William Habington

George Gilfillan, in Specimens with Memoirs of the less-known British Poets (1860) 2:1-3.

This poet might have been expected to have belonged to the "Spasmodic school," judging by his parental antecedents. His father was accused of having a share in Babington's conspiracy, but was released because he was godson to Queen Elizabeth. Soon after, however, he was imprisoned a second time, and condemned to death on the charge of having concealed some of the Gunpowder-plot conspirators; but was pardoned through the interest of Lord Morley. His uncle, however, was less fortunate, suffering death for his complicity with Babington. The poet's mother, the daughter of Lord Morley, was more loyal than her husband or his brother, and is said to have written the celebrated letter to Lord Monteagle, in consequence of which the execution of the Gunpowder-plot was arrested.

Our poet was born at Hindlip, Worcestershire, on the very day of the discovery of the plot, 5th November 1605. The family were Papists, and William was sent to St. Omers to he educated. He was pressed to become a Jesuit, but declined. On his return to England, his father became preceptor to the poet. As he grew up, instead of displaying any taste for "treasons, stratagems, and spoils," he chose the better part, and lived a private and happy life. He fell in love with Lucia, daughter of William Herbert, the first Lord Powis, and celebrated her in his long and curious poem entitled Castara. This lady he afterwards married, and from her society appears to have derived much happiness. In 1634, he published Castara. He also, at different times, produced The Queen of Arragon, a tragedy; a History of Edward IV.; and Observations upon History. He died in 1654, (not as Southey, by a strange oversight, says, "when he had just completed his fortieth year,") forty-nine years of age, and was buried in the family vault at Hindlip.
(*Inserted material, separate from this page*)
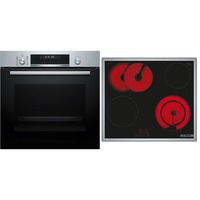 Bosch HBD671CS62 Serie 6, Backofen-Set schwarz/edelstahl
Castara is not a consecutive poem, but consists of a great variety of small pieces, in all sorts of style and rhythm, and of all varieties of merit; many of them addressed to his mistress under the name of Castara, and many to his friends; with reflective poems, elegies, and panegyrics, intermingled with verses sacred to love. Habington is distinguished by purity of tone if not of taste. He has many conceits, but no obscenities. His love is as holy as it is ardent. He has, besides, a vein of sentiment which sometimes approaches the moral sublime. To prove this, in addition to the Selections below, we copy some verses entitled

When I survey the bright
Celestial sphere,
So rich with jewels hung, that Night
Doth like an Ethiop bride appear,

My soul her wings doth spread,
And heavenward flies,
The Almighty's mysteries to read
In the large volume of the skies;

For the bright firmament
Shoots forth no flame
So silent, but is eloquent
In speaking the Creator's name.

No unregarded star
Contracts its light
Into so small a character,
Removed far from our human sight,

But if we steadfast look,
We shall discern
In it, as in some holy book,
How man may heavenly knowledge learn.

It tells the conqueror
That far-stretch'd power,
Which his proud dangers traffic for,
Is but the triumph of an hour;

That, from the furthest North,
Some nation may,
Yet undiscover'd, issue forth,
And o'er his new-got conquest sway,

Some nation, yet shut in
With hills of ice,
May be let out to scourge his sin
Till they shall equal him in vice;

And then they likewise shall
Their ruin brave;
For, as yourselves, your empires fall,
And every kingdom hath a grave.

Thus those celestial fires,
Though seeming mute,
The fallacy of our desires,
And all the pride of life, confute;

For they have watch'd since first
The world had birth,
And found sin in itself accurst,
And nothing permanent on earth.

There is something to us particularly interesting in the history of this poet. Even as it is pleasant to see the sides of a volcano covered with verdure, and its mouth filled with flowers, so we like to find the fierce elements, which were inherited by Habington from his fathers, softened and subdued in him, — the blood of the conspirator mellowed into that of the gentle bard, who derived all his inspiration from a pure love and a mild and thoughtful religion.